Rodrigo Ballester : Le discours sur l’avenir de l’Union est en soi une imitation un peu grotesque d’une tradition parlementaire américaine bien implantée. Même l’acronyme (SOTEU, State of the European Union) singe le traditionnel State of the Union (SOTU) du Capitole. Un peu ridicule.

Ceci dit, ce discours est devenu l’occasion pour le président de la Commission de faire sa rentrée politique, d’exposer ses priorités législatives et politiques pour l’année suivante et de faire connaître sa vision.

Ce sera le dernier discours de Von der Leyen, du moins pendant ce mandat. Il est attendu car l’UE s’embarque dans une année électorale et il est probable que Von der Leyen se saisisse de l’occasion pour revendiquer son bilan après quatre années de crises à répetitions et lancer la campagne pour sa propre réélection.

Quels en seront les sujets principaux? On le saura bientôt, mais la guerre en Ukraine va encore une fois en être le plat de résistance, avec le scrutin européen de juin prochain et la montée des "populismes" en toile de fond. Les problèmes budgétaires de l’UE risquent également de noircir le tableau. Les caisses européennes sont bien plus vides qu’elles ne devraient l’être et Von der Leyen a été obligée de demander une ralonge budégaire, ce qui n’était absolument pas à l’ordre du jour. En outre, le coût de l’emprunt du Plan de Relance s’avère plus coûteux que prévu.

Finalement, j’attends également une mention à l’agenda digital de la Commission, notamment l’initiative européenne sur les semi-conducteurs et la législation sur l’internet qui régule, entre autres et non sans polémiques, les échanges sur les réseaux sociaux. 
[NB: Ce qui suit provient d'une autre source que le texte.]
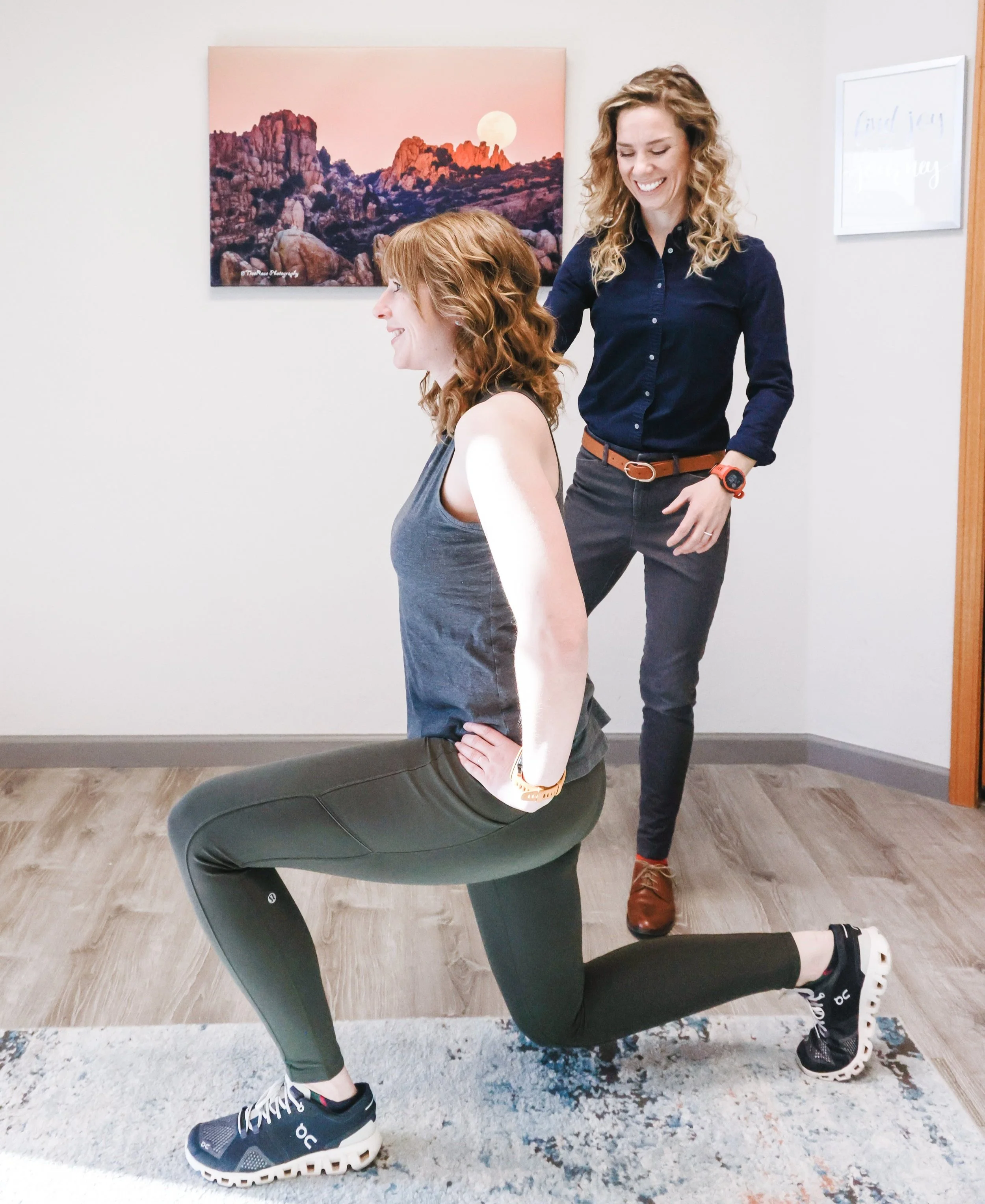 Physical therapist working with a client at a physical therapy clinic performing lunges and strength training.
Selon vous, comment va l’Union Européenne ? 

Rodrigo Ballester : Vaste question qui appelle une réponse nuancée. Géopolitiquement vulnérable, financièrement exsangue, politiquement divisée, économiquement fragile, idéologiquement dogmatique, elle n’a pas fière allure. En outre, la colère gronde et les élections européennes s’annoncent houleuses avec une montée en puissance des partis souverainistes dont la percée aura des effets clivants.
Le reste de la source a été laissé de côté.